:: Data provided ::

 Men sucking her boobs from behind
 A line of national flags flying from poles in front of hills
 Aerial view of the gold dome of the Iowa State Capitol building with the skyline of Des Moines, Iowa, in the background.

:::

Would you state how many lines of the data above hold the string "from"? Reply with the number alone.

2